» **SUPPLIED DATA**

◇ ◇ ◇

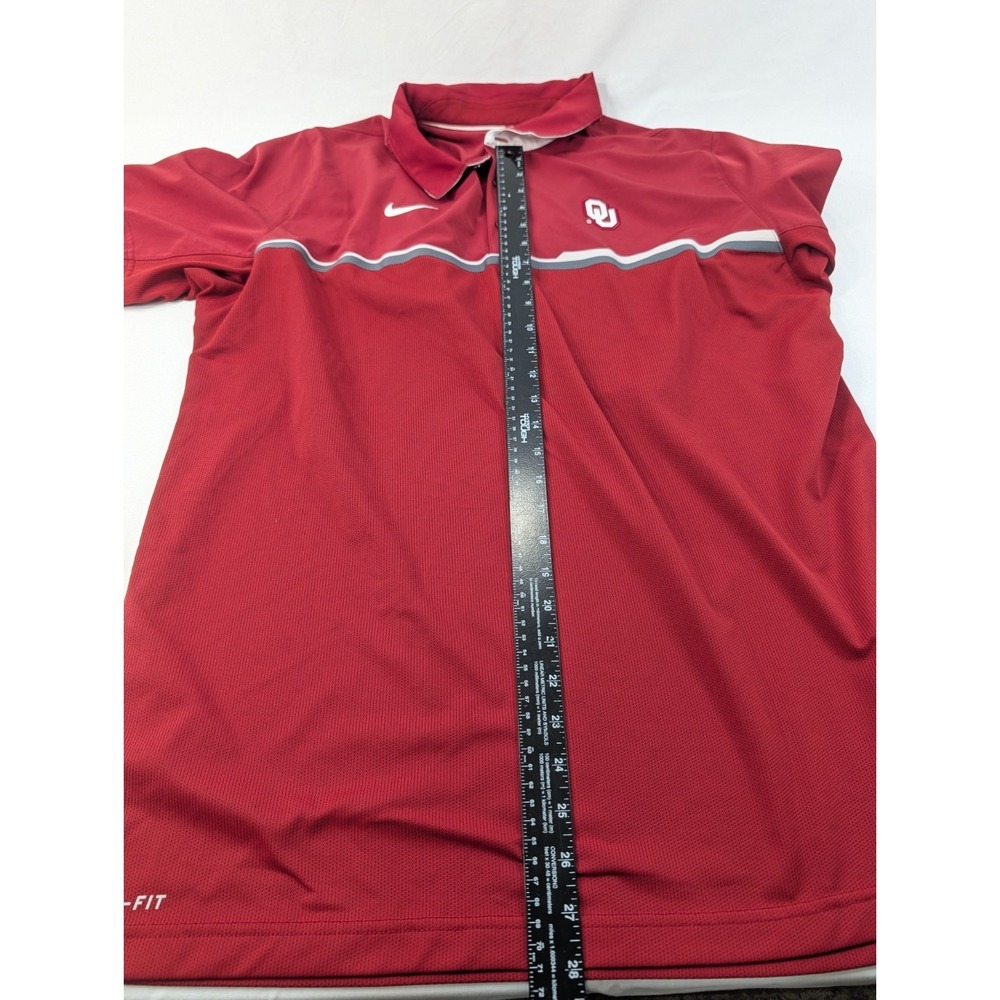 Nike Oklahoma Sooners OU Men's Dri-Fit Polo Size XL Two Tone Maroon Excellent - Picture 8 of 9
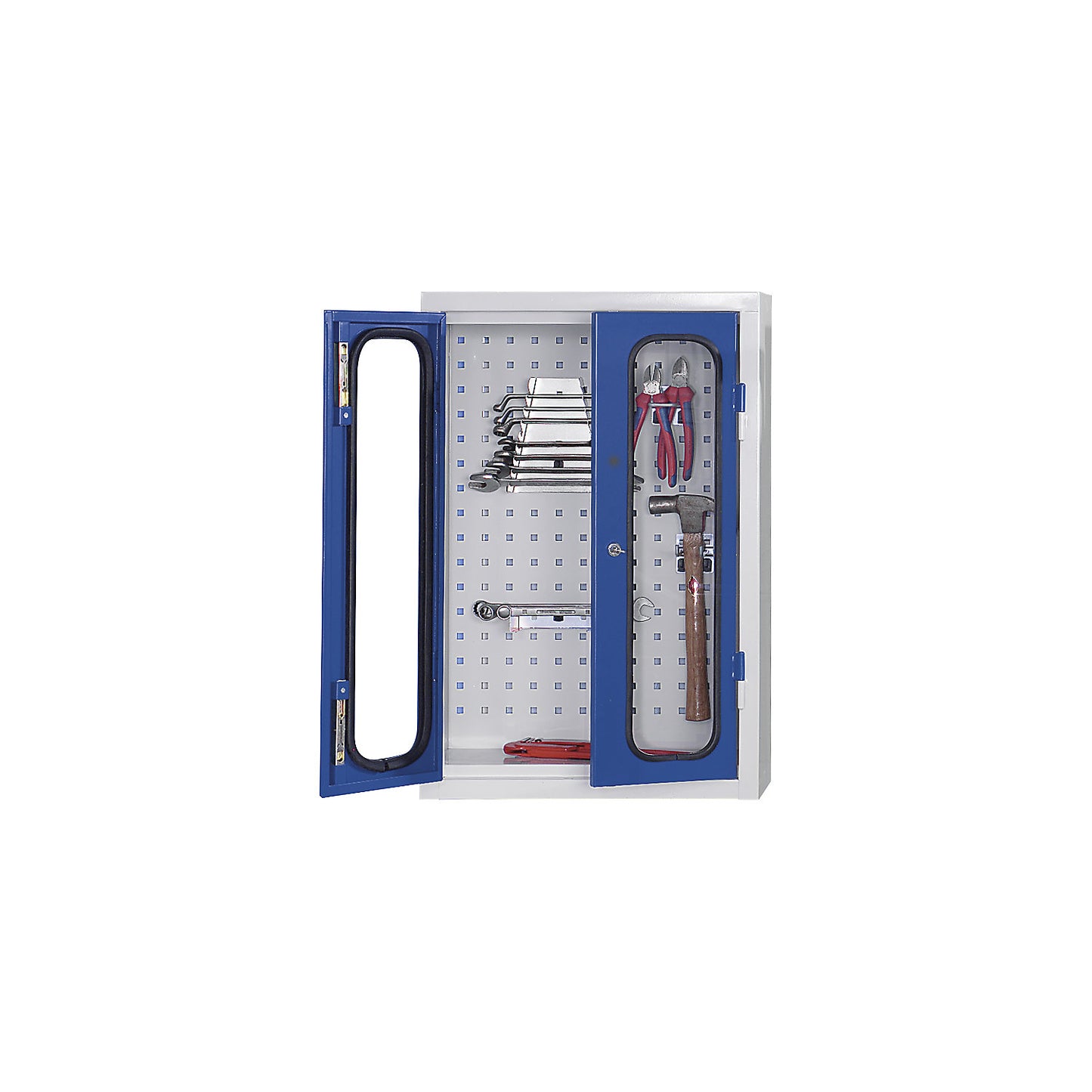Wall mounted tool cupboard with window, with perforated rear wall, HxWxD 750 x 500 x 200 mm, light grey / gentian blue.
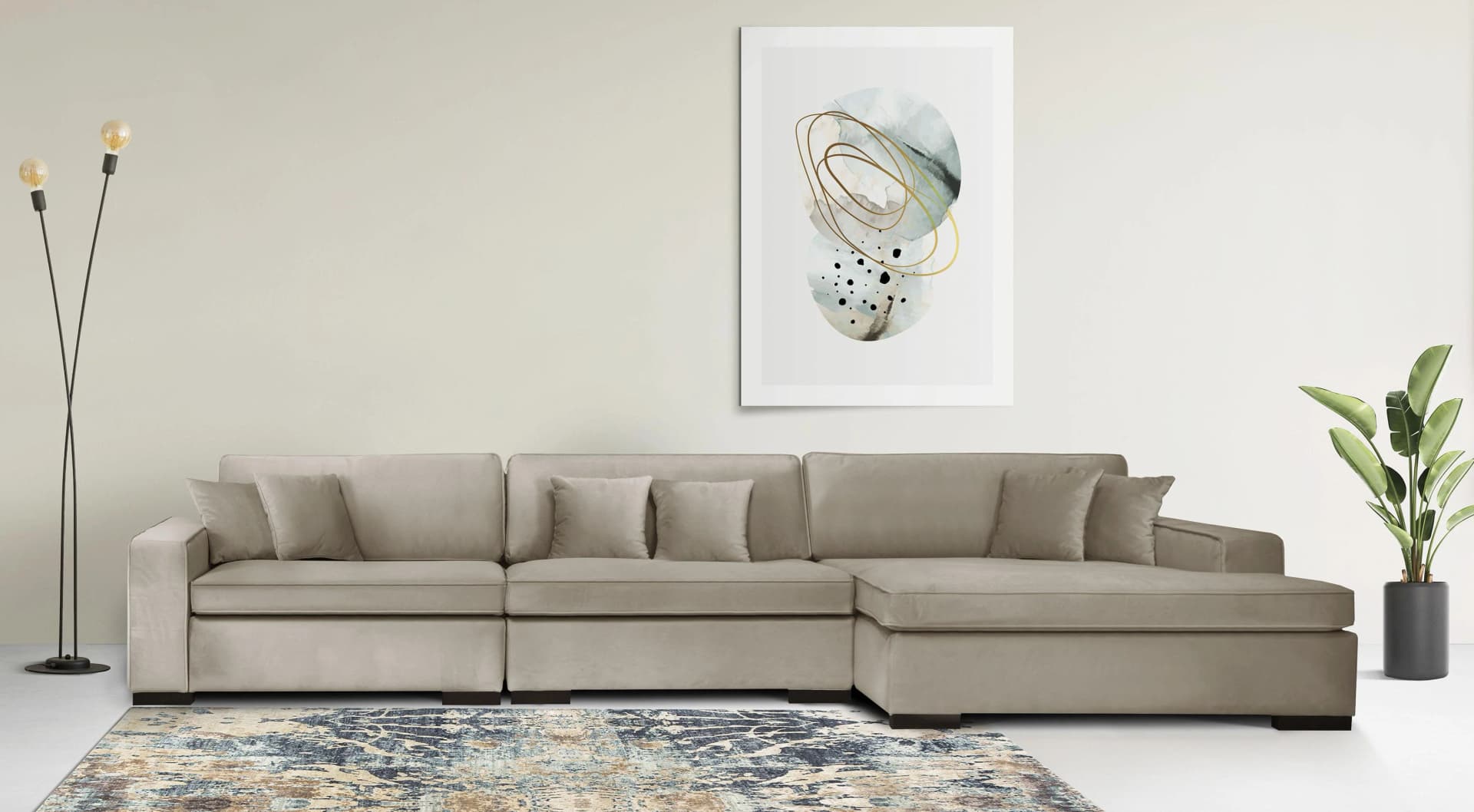 HOME AFFAIRE Skara L-Form Ottomane Beige Samtoptik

◇ ◇ ◇

» **TASK OBJECTIVE**
The result should be a word-for-word restatement of all the data, without images.

» **RESPONSE**
 Nike Oklahoma Sooners OU Men's Dri-Fit Polo Size XL Two Tone Maroon Excellent - Picture 8 of 9
Wall mounted tool cupboard with window, with perforated rear wall, HxWxD 750 x 500 x 200 mm, light grey / gentian blue.
 HOME AFFAIRE Skara L-Form Ottomane Beige Samtoptik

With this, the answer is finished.